Business is good at Stone Forest

“For a small company, we get quite a few design awards.” Michael Zimber, owner of Stone Forest, was responding to the mention of two recent notices. The company’s Calma bathtub, carved out of a block of Marquina taupe marble, won Interior Design magazine’s “Best of the Year” award in the Bath Fixtures category for 2017. And the Papillon tub in Carrara marble was featured in a Wall Street Journal article, “The Wish List: Home Pros Pick Their Splurge Items,” last December. This bathtub is also available in black granite, limestone, sandstone, silver travertine, and Cumulo granite.

The Stone Forest product line includes copper, stainless steel, and stone kitchen sinks; sinks, pedestal sinks, tubs, and vanites for the bathroom; and stone fountains and lanterns (including Japanese Yukimi, Yasuga, Shinto, Wabi, and Oribe styles), birdbaths, fire vessels, benches, plinths, and other items for the garden and patio.

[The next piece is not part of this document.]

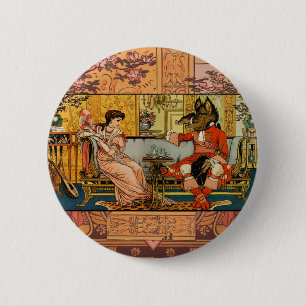 Schoonheid Beest Klassieke Sprookjesfiguren Ronde Button 5,7 Cm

“We’re 70 percent kitchen and bath, but we’re wholesalers for kitchen and bath,” Zimber said, “so we supply a few hundred showrooms around the country, and around the world, actually, with these sort of high-end works all made out of natural materials.”

The kitchen and bath pieces range from classical European like the Bordeaux vanity to transitional and contemporary designs. The pieces are carved from single blocks of stone. There’s also a bronze and copper line, and pieces in iron, stainless, and wood. One of the firm’s unique new collections is the Industrial Series. The concept came from a pattern-making table from an early-20th-century factory. That has been reproduced and deconstructed for the cast-iron line that includes consoles, basin pedestals, shelves, towel bars, robe hooks, and toilet-paper holders.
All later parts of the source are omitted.